Words REALLY fascinate me. I love learning the origin of words. Your bed cracked me up. I sleep with my husband in an old antique full sized bed. We snuggle alot. I tear all the covers off the bed in the AM and make it from scratch. It's always a mess!

Angela said...

We have a king size bed. My husband is a strange man with the way he sleeps. His feet can't be under the covers! lol So our bed is always a complete mess every morning. The sheets and everything is always shifted to one side which usually is mine. If he gets too hot he just tosses his blankets on top of me! Then I will wake up sweating to death! He has been out of town a lot this month for travel and my bed looked just like yours when he was away! So it's not me either! lol

In the 6th grade they made us take French for 1 9 weeks. I didn't like it. The teacher had her favorites in the class and I wasn't one of them. She would let the kids laugh at us when we tried to speak it so I just didn't take it later on. My husband worked for a man from Germany. The German language sounds like they are cussing and yelling all the time! I really wanted to learn some German back then so I would know what they were saying.

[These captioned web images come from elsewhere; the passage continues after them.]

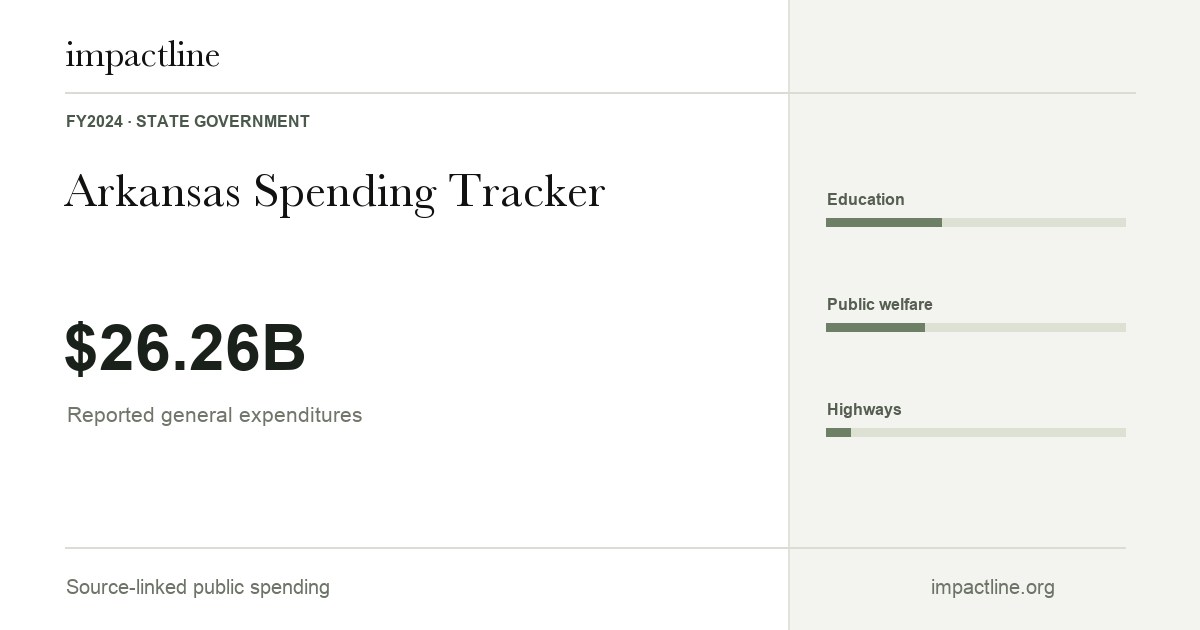 Arkansas spending share card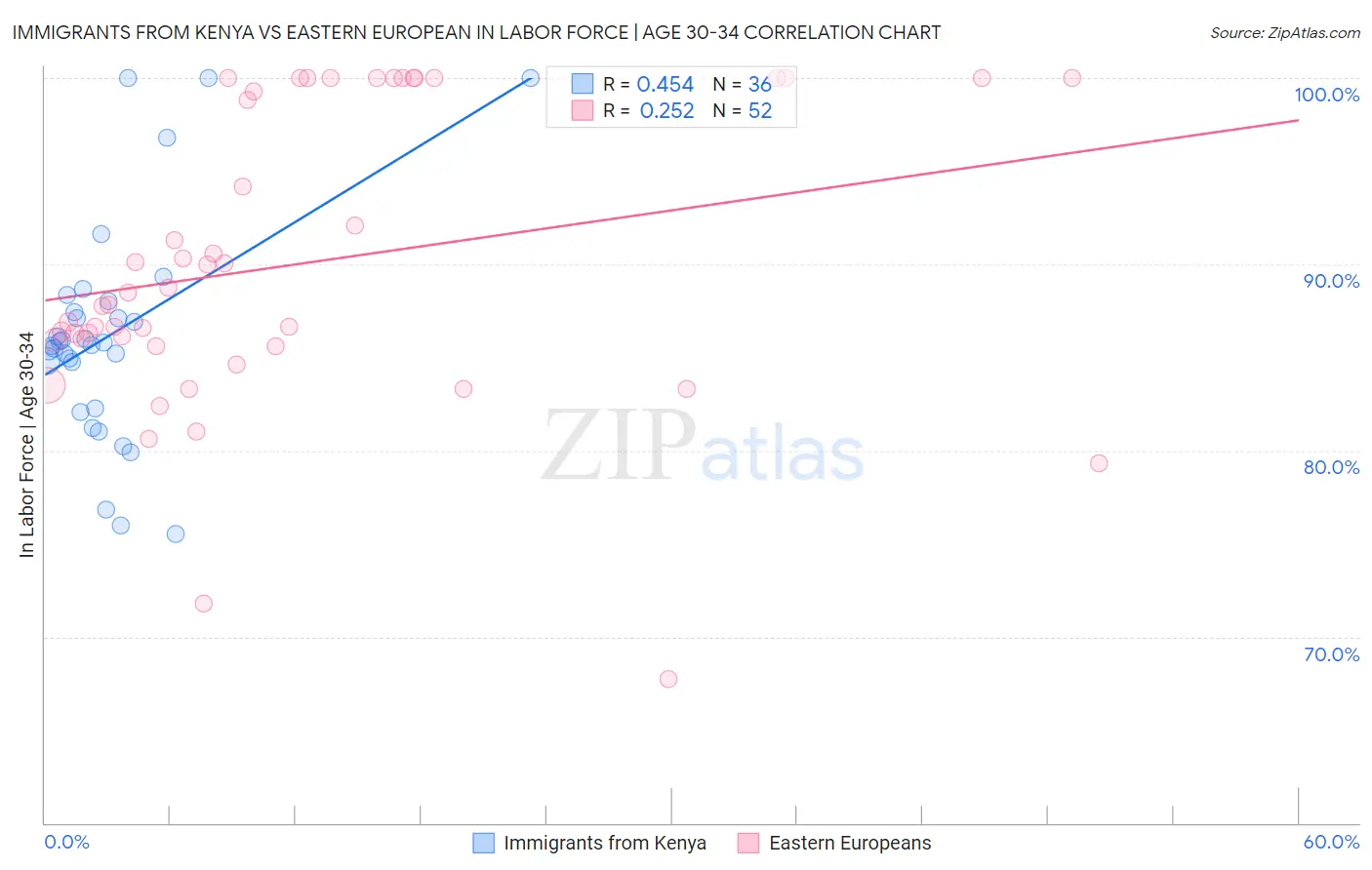 Immigrants from Kenya vs Eastern European In Labor Force | Age 30-34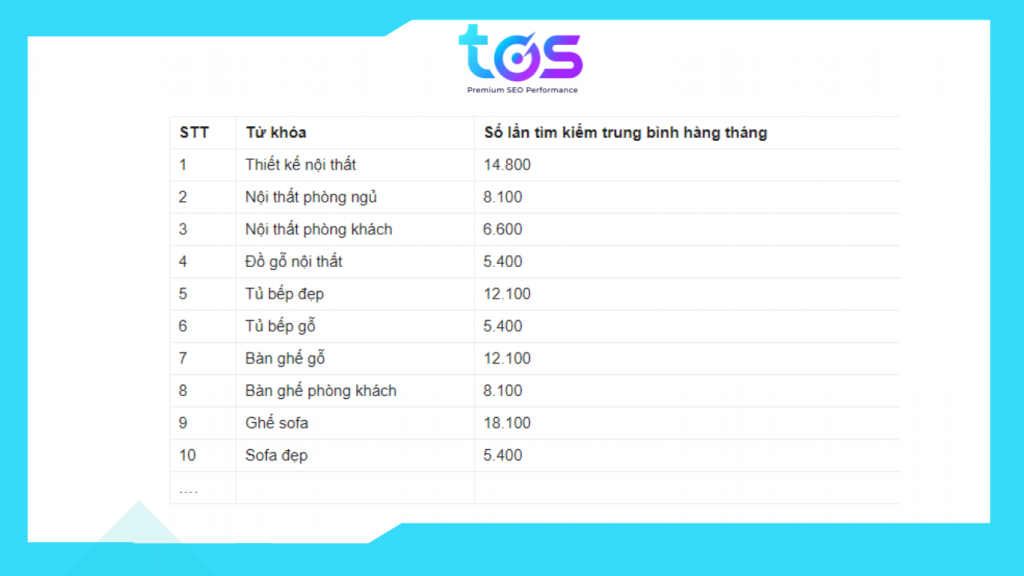 từ khóa liên quan đến nội thất seo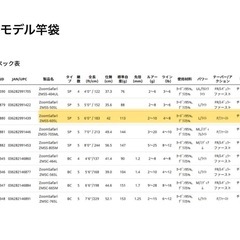 【アブガルシア】釣竿の画像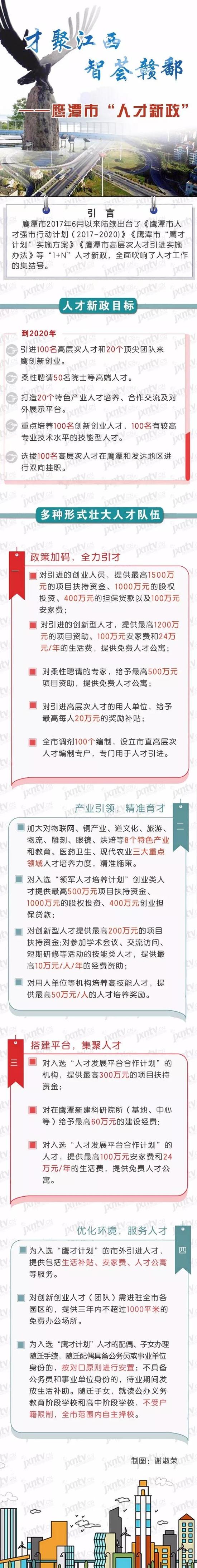 江西六地市组织部长齐聚南昌，只因这件大事!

In the Light of the Moon said...

I have learned to finally be happy spending time with myself.I like me now,at last,a new dawn.Warmest Regards,Cat

Lisa said...

Aaaand the similarities go on and on.

I too fell in love with French in high school and I too probably tested higher than I should have in college.

Sadly, I have let all but a little knowledge of that lovely language slip away. I try to speak it (and some Spanish which I picked up from friends who were also studying that language!) to the kids - just numbers & greetings and such.

Je l'adore, though, and I know the spirit of the language will stick with me.

FYI - hubby & I have a king size bed. We will never go back. The only thing I don't like about it? It's harder to thwap him when he snores.